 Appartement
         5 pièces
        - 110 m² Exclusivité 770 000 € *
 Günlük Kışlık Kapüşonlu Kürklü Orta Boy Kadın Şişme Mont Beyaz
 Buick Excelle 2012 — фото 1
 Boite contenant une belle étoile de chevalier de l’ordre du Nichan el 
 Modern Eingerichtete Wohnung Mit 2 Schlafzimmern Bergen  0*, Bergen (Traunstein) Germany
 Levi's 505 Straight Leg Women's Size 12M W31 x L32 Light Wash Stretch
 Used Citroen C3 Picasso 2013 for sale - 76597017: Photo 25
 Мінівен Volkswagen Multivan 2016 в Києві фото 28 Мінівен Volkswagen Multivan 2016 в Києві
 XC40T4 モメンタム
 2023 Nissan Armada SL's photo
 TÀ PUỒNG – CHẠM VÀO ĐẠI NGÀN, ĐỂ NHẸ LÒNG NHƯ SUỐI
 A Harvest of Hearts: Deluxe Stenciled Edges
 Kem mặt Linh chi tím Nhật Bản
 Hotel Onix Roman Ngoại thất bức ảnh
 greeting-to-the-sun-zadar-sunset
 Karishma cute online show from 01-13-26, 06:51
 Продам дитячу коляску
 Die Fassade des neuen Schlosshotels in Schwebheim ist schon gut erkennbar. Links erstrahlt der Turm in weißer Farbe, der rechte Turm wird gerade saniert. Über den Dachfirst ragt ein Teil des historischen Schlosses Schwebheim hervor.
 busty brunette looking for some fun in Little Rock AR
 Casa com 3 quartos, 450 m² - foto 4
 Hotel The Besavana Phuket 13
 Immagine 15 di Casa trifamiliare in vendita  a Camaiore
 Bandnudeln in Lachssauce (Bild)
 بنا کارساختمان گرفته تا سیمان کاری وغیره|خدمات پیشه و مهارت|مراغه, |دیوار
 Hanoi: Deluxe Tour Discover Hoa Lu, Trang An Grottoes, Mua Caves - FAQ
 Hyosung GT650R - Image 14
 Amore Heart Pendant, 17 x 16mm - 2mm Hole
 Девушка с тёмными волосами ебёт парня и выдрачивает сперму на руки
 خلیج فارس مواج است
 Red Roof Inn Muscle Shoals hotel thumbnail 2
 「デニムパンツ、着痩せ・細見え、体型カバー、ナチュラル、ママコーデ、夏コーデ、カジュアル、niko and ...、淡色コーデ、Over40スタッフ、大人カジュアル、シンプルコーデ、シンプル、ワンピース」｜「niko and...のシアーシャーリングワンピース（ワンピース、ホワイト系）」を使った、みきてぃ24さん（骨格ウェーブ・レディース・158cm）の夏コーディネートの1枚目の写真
+--
▶ **The problem**
The output should be a character-exact copy of all entries.

▶ **Response to this exercise**
 Appartement
         5 pièces
        - 110 m² Exclusivité 770 000 € *
 Günlük Kışlık Kapüşonlu Kürklü Orta Boy Kadın Şişme Mont Beyaz
 Buick Excelle 2012 — фото 1
 Boite contenant une belle étoile de chevalier de l’ordre du Nichan el 
 Modern Eingerichtete Wohnung Mit 2 Schlafzimmern Bergen  0*, Bergen (Traunstein) Germany
 Levi's 505 Straight Leg Women's Size 12M W31 x L32 Light Wash Stretch
 Used Citroen C3 Picasso 2013 for sale - 76597017: Photo 25
 Мінівен Volkswagen Multivan 2016 в Києві фото 28 Мінівен Volkswagen Multivan 2016 в Києві
 XC40T4 モメンタム
 2023 Nissan Armada SL's photo
 TÀ PUỒNG – CHẠM VÀO ĐẠI NGÀN, ĐỂ NHẸ LÒNG NHƯ SUỐI
 A Harvest of Hearts: Deluxe Stenciled Edges
 Kem mặt Linh chi tím Nhật Bản
 Hotel Onix Roman Ngoại thất bức ảnh
 greeting-to-the-sun-zadar-sunset
 Karishma cute online show from 01-13-26, 06:51
 Продам дитячу коляску
 Die Fassade des neuen Schlosshotels in Schwebheim ist schon gut erkennbar. Links erstrahlt der Turm in weißer Farbe, der rechte Turm wird gerade saniert. Über den Dachfirst ragt ein Teil des historischen Schlosses Schwebheim hervor.
 busty brunette looking for some fun in Little Rock AR
 Casa com 3 quartos, 450 m² - foto 4
 Hotel The Besavana Phuket 13
 Immagine 15 di Casa trifamiliare in vendita  a Camaiore
 Bandnudeln in Lachssauce (Bild)
 بنا کارساختمان گرفته تا سیمان کاری وغیره|خدمات پیشه و مهارت|مراغه, |دیوار
 Hanoi: Deluxe Tour Discover Hoa Lu, Trang An Grottoes, Mua Caves - FAQ
 Hyosung GT650R - Image 14
 Amore Heart Pendant, 17 x 16mm - 2mm Hole
 Девушка с тёмными волосами ебёт парня и выдрачивает сперму на руки
 خلیج فارس مواج است
 Red Roof Inn Muscle Shoals hotel thumbnail 2
 「デニムパンツ、着痩せ・細見え、体型カバー、ナチュラル、ママコーデ、夏コーデ、カジュアル、niko and ...、淡色コーデ、Over40スタッフ、大人カジュアル、シンプルコーデ、シンプル、ワンピース」｜「niko and...のシアーシャーリングワンピース（ワンピース、ホワイト系）」を使った、みきてぃ24さん（骨格ウェーブ・レディース・158cm）の夏コーディネートの1枚目の写真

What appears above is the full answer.